In occasione della Festa di fine anno, venerdì 30 maggio i bambini hanno potuto cantare e “segnare” una divertente canzone dal titolo Come un pittore inerente al tema della programmazione annuale sull’arte.

I bambini hanno imparato a cantare anche con le mani e lo hanno fatto esibendosi davanti a maestre, genitori e nonni.

In fondo un piccolo grande segno può fare sempre la differenza!

È quanto ritiene la Maestra Immacolata Bosco della scuola dell’Infanzia Acropoli che assieme alle colleghe Chiara Canoschi ed Angela De Fazio ha avviato un innovativo progetto di introduzione della Lis (la lingua italiana dei segni) come strumento di comunicazione, inclusione e crescita relazionale per bambini da 0 a 6 anni.

Una grande mano all’integrazione tra bambini che spesso arrivano da lingue e culture diverse.

“Un percorso sorprendentemente efficace – afferma la Maestra Immacolata Bosco – una scommessa semplice di offrire un canale espressivo in più (visivo e corporeo) a bambini”.

“I nostri bambini hanno cominciato ad utilizzare i segni con facilità – continua l’amatissima Maestra Immacolata – anche per esprimere bisogni quotidiani, emozioni e concetti legati alla routine come il cibo, l’igiene, la famiglia”.

“Insegnare la LIS (Lingua Italiana dei Segni) ai bambini può essere fatto attraverso vari approcci, tra cui giochi, attività ludiche, canzoni, app e corsi specifici – interviene la Dirigente Scolastica dell’I.C. Cesalpino Sandra Guidelli – l’importante è rendere l’apprendimento divertente e stimolante, coinvolgendo il bambino in attività interattive”.

“La LIS è lingua vera e propria riconosciuta dallo Stato italiano con una ben definita struttura fonologica, morfologica e sintattica – aggiunge Sandra Guidelli – la differenza della lingua italiana parlata, è solamente visiva. Spiegare cos’è la LIS a scuola e insegnarla è fondamentale per creare un ambiente accogliente e fornire uno strumento utile per una comunicazione che possa andare oltre la parola parlata”.

Per Arezzo si tratta di un progetto sperimentale unico.

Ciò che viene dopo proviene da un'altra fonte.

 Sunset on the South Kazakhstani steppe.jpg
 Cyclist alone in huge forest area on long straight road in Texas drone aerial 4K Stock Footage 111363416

I 35 bambini della Scuola dell’Infanzia Acropoli che hanno partecipato al progetto hanno mostrato molta curiosità verso i segni con una maggiore attenzione, una straordinaria coesione del gruppo, il miglioramento della comunicazione e un senso condiviso di appartenenza.

“I nostri bambini hanno confermato quanto il linguaggio dei segni possa essere uno straordinario strumento di comunicazione – conclude Immacolata Bosco – una buona pratica educativa che potrebbe diventare un modello replicabile in altri contesti”.